Over the last four years, Patel has spent 14 1/2 months camping in this forest. He is back for a few weeks to observe Pink Face and the others in this community of six lemurs. He hopes new data will shed more light on how the animals communicate, information that may one day yield clues about how speech evolved in humans, the lemur's distant cousins.

He feels a sense of urgency. Despite an increase in conservation efforts, including Patel's, no one knows how much longer the silky sifakas can survive persistent hunting and deforestation. They may need him as much as he needs them.

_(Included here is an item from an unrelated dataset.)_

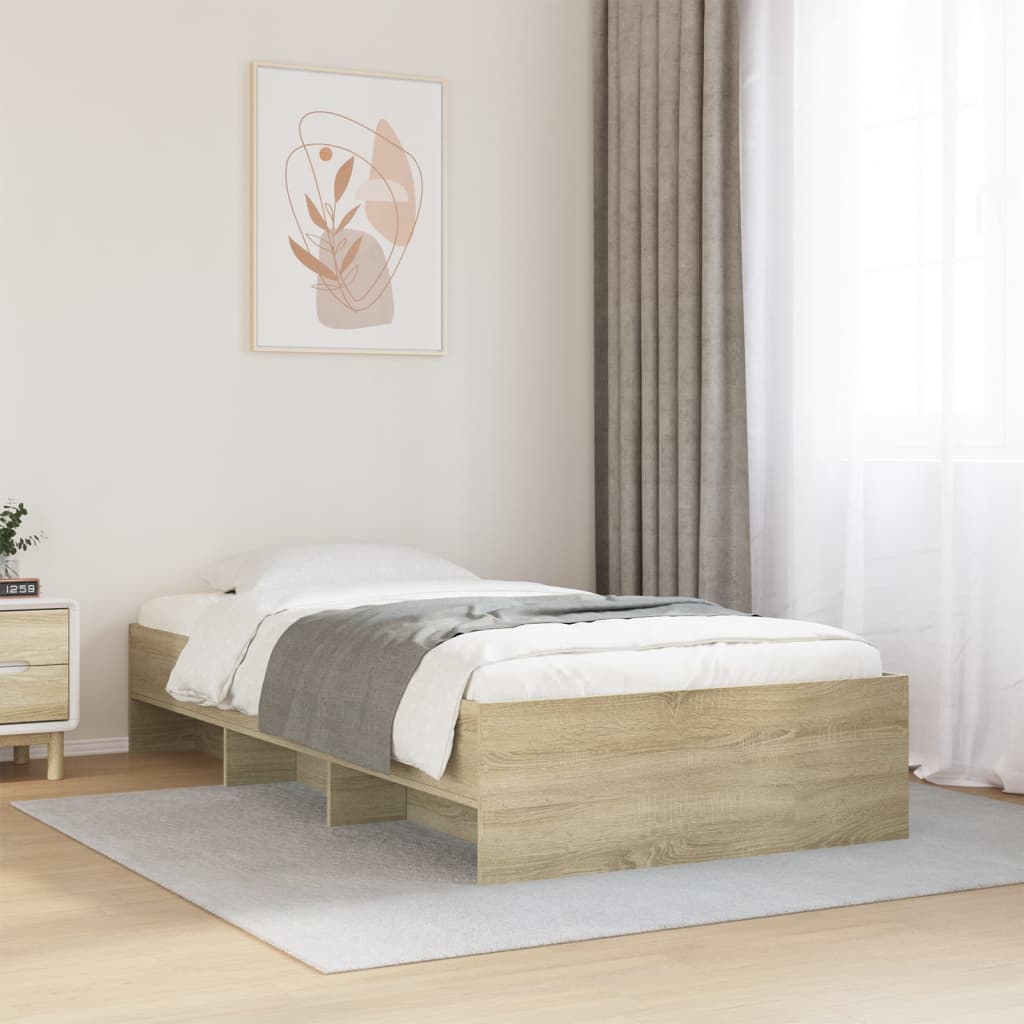 Bettgestell ohne Matratze Sonoma-Eiche 100x200 cm Holzwerkstoff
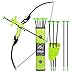EXERCISE N PLAY Sport Series Archery Shooting Toy Green Bow & Arrow Play Set for Kids with Shoulder-Strapped Quiver and 12 Suction Cup Arrows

No one can mistake these animals for any other kind of lemur. Only the silky sifakas have fluffy white fur covering their body, everything but the face, which is slate-gray or pinkish. Their eyes are reddish-orange.

They have been dubbed flying angels for the way they soar from tree to tree. In reality, they use their powerful legs and fingerlike toes to grasp a tree trunk or branch and quickly push off to the next one, as much as 10 feet away.

They've had lots of practice: Lemurs may have been eating tree leaves and exploring the forest canopy for 50 million years.

How they got here remains a mystery. Madagascar, along with India, split off from Africa about 125 million years ago, and parted from India 88 million years ago -- before lemurs existed -- to take its place as the planet's fourth-largest island.

One theory holds that a storm washed some lemurs off the coast of Africa and that some of the animals floated on vegetation before chancing on Madagascar.

The island's long isolation meant that most of its plants and animals evolved separately from the wider world. Biologists estimate that eight in 10 of its species -- plants as well as animals, including birds, reptiles and frogs -- are found nowhere else, an astonishing rate of uniqueness. People arrived 2,000 years ago, probably from Indonesia, making this one of the last-settled major land masses on Earth.

The most striking example of the island's species diversity may be the lemurs.

Taxonomists group them into 70 species and subspecies (humans are known to have driven 17 species to extinction), and all occur naturally only in this country. The rise of faster, stronger monkeys on mainland Africa may have killed off the ancestors of lemurs there, but monkeys never reached this island.

Scientists generally consider lemurs, which have the smallest brains among primates, to be less intelligent than relatives such as baboons, chimpanzees, apes and various monkeys. Yet their parallel evolution has made lemurs different in key ways and therefore interesting to scientists looking for broad-based models to explain the evolution of primates.

For instance, males reign across all nonhuman primate species except, apparently, in some lemur species that show evidence of female dominance.

The study of lemurs is relatively young, particularly when it comes to species found in forbidding terrain, and few live in tougher territory for researchers than the mountain-dwelling silky sifaka.